# Implementation of Low Power Multi-Precision Floating Point Multiplier

#### D. Gokila

Assistant Professor, Department of Electronics and Communication Engineering, United Institute of Technology, Coimbatore, Coimbatore District gokiladr@gmail.com

#### Dr. H. Mangalam

Professor, Department of Electronics and Communication Engineering Sri Krishna College of Engineering and Technology, Coimbatore, Coimbatore District hmangalam2@gmail.com

#### Abstract

Floating point multiplier is widely used in digital signal processing applications. The performance of Field Programmable Gate Arrays (FPGAs) used for floating point application is low, because of complexity in operations. This creates less interest in making FPGAs for floating point applications. So we are going for the reconfigurable floating point multiplier which provides improved deployment of the multiplier in most of the applications. This performs double precision operation or single precision operation. Further power is reduced by using the spurious power suppression technique. The implementation shows a better performance with respect to power and delay.

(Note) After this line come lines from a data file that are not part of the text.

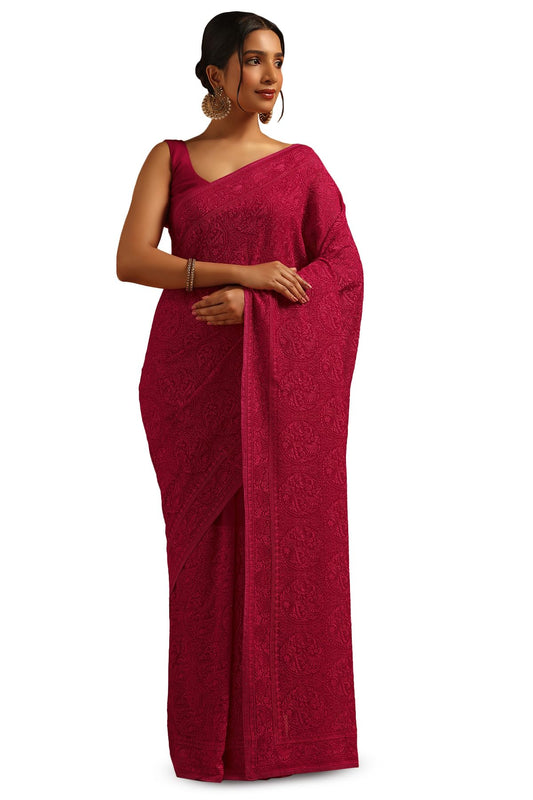 Soch Womens Fuchsia Georgette Botanical Saree With Stone Work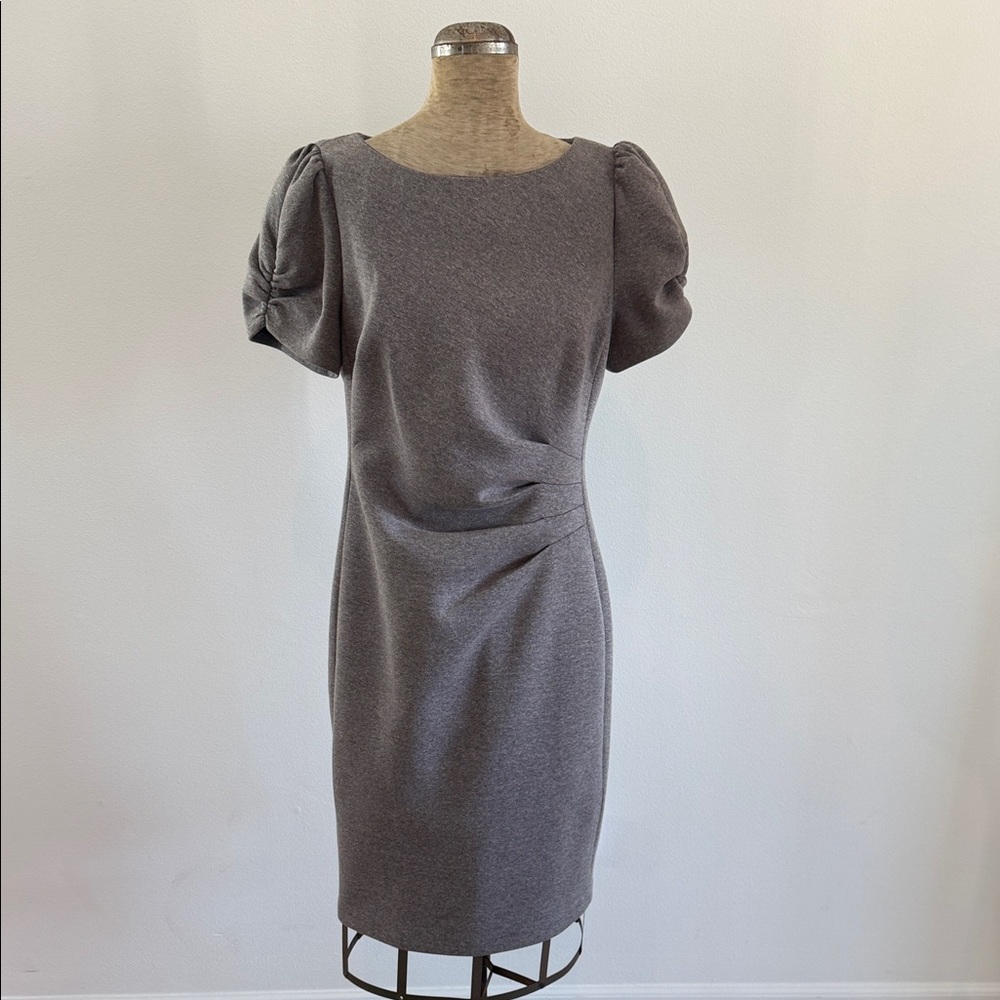 Karl Lagerfeld Paris Gray Puff Sleeve Sheath Dress- Women’s Size 8- NWT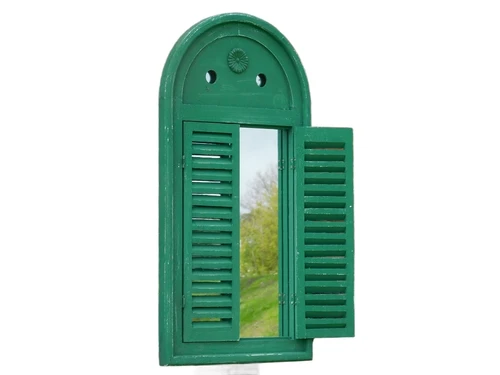 Mirror with wooden frame and doors - vintage green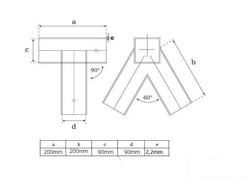 2 x Connettore per raggi 90x90 mm, 90°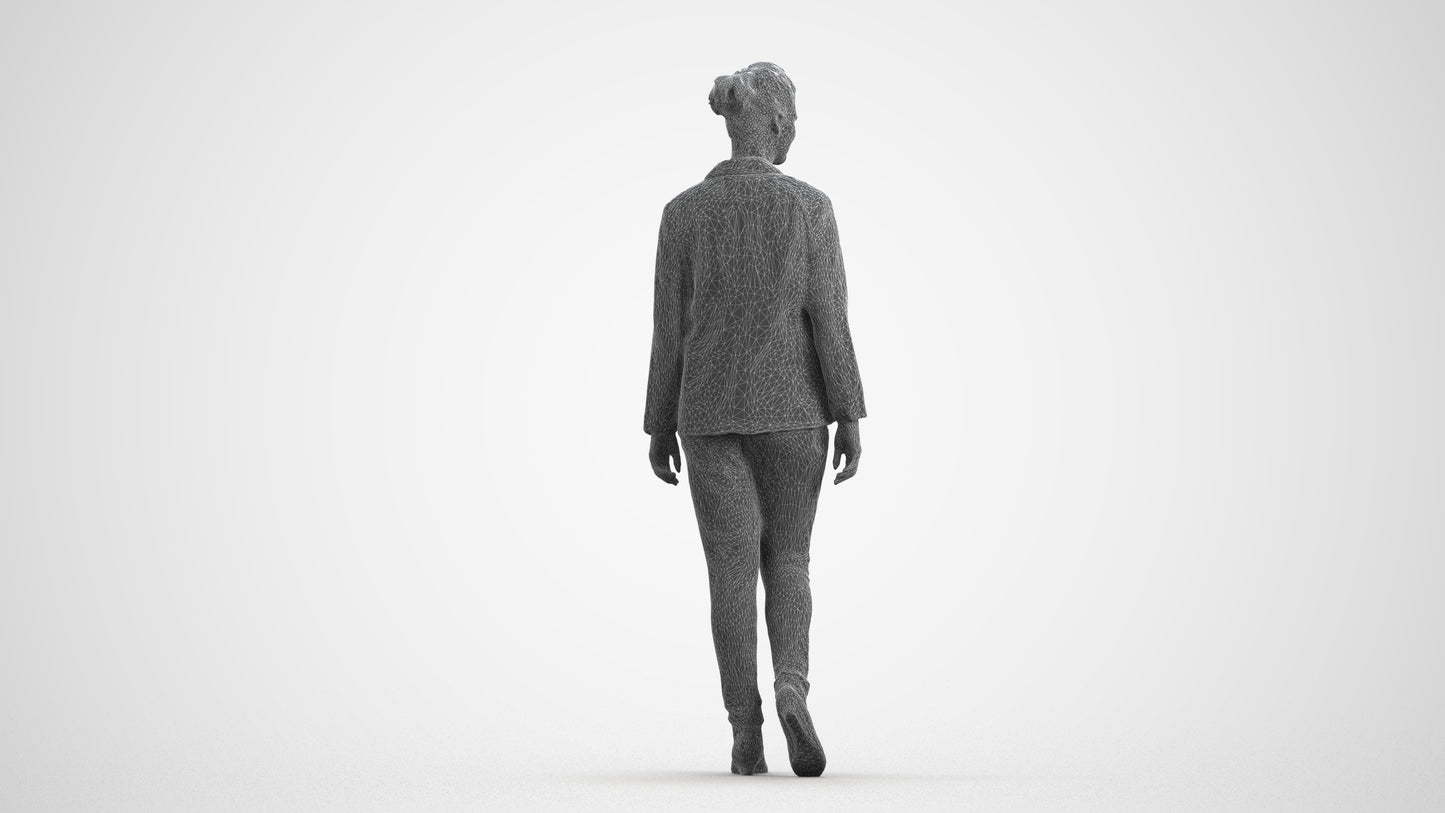 photogrammetry 3D woman business walking, realistic human model archviz FBX, wireframe front view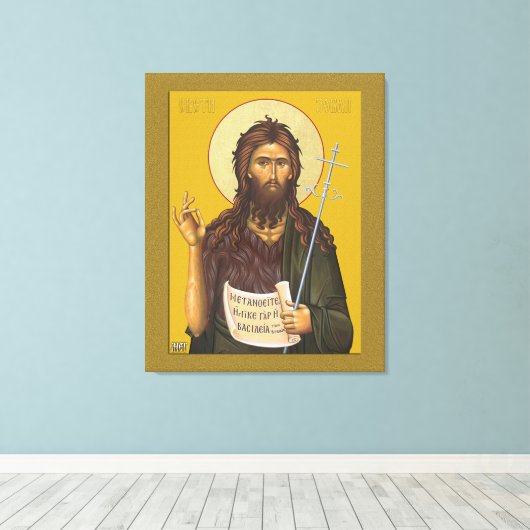 Sint John, gebedspictogram Canvas Afdruk (Insitu (Houten vloer))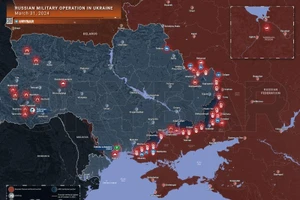 Bản đồ chiến sự Ukraine ngày 31/3. (Ảnh: Rybar)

**Keywords:** Double precision, Single precision, Reconfigurable, Floating point multiplier (FPM).

#### Introduction

High processing performance and low power dissipation are the most important objectives in many multimedia and digital signal processing (DSP) systems, where multipliers are always the basic arithmetic unit and significantly influence the system's performance and power dissipation. Multipliers using floating point numbers are in great demand because floating point numbers have good precision, since they never deliberately discard information. So a fast and energyefficient floating point unit is always needed in electronics industry. Field Programmable Gate Arrays (FPGA's) are broadly used for scientific computation because of the ease of customizing the hardware for the application. The limited size and architecture of FPGAs are not well-suited for floatingpoint applications. On the other hand, ASICs can be very efficient at floating-point operations, but lack programmability and flexibility that is desired in many situations, and the cost of an ASIC can be prohibitively high. By overcoming the limitations of FPGAs, it will be a very attractive platform for floating point applications. So for the better utilization of the floating point multiplier unit, reconfigurable computing is added. A new computing method using reconfigurable architectures promises an intermediate trade-off between flexibility and performance. Reconfigurable computing uses hardware that can be adapted at run-time to facilitate greater flexibility without compromising on performance. The re-configurability of the hardware permits

adaptation of the hardware for specific computations in each application to achieve higher performance compared to software. Here the re-configurability is applied to perform single precision and double precision floating point multiplication. In order to further enhance the multiplier in terms of power, an efficient power reduction technique namely the spurious power suppression technique is implemented which provides an eminent improvement in power and delay.

#### **Related Works**

In FPGA's, re-configurability gives significant area utilization and delay improvements. A number of works has been proposed based on the configurability. Akkas [1] has produced the multiplier which is configured to perform either one quad precision multiplication or two double precision multiplications in parallel. It takes three cycles to perform quadruple precision multiplication and can produce a quadruple precision product every other cycle. And two double precision operations in parallel will take two cycles. Diniz and Govindu [3] have presented the design of a field programmable dual precision multiplier. By getting knowledge from these, the work is proposed for doing one double precision multiplication or two single precision multiplication. Mainly the multiplier work is based on the Akkas design [1]. But the difference is that they have used two multipliers for lower precision multiplication. These same multipliers are used in multi cycle for higher precision multiplication. Due to this structure the delay of multiplication operation is high in previous works. In proposed design, instead of two simple multipliers, Radix-4 booth concept and Wallace tree structured multiplier is used, so that, the speed of operation can be improved because of single cycle utilized for both single and double precision multiplication. This is the main advantage of this design. The reconfiguration can be obtained by just using control signal for multiplexers. Reconfiguration time is very low because it involves only changing the control signal for the multiplexers. But it has a disadvantage of having little more area than other works due to tree structured multiplier. And then the delay needed to perform the single precision operation is slightly high. The main advantage is flexibility in Floating Point Multiplier for FPGA architectures so that both double precision

multiplication and single precision multiplication can be performed.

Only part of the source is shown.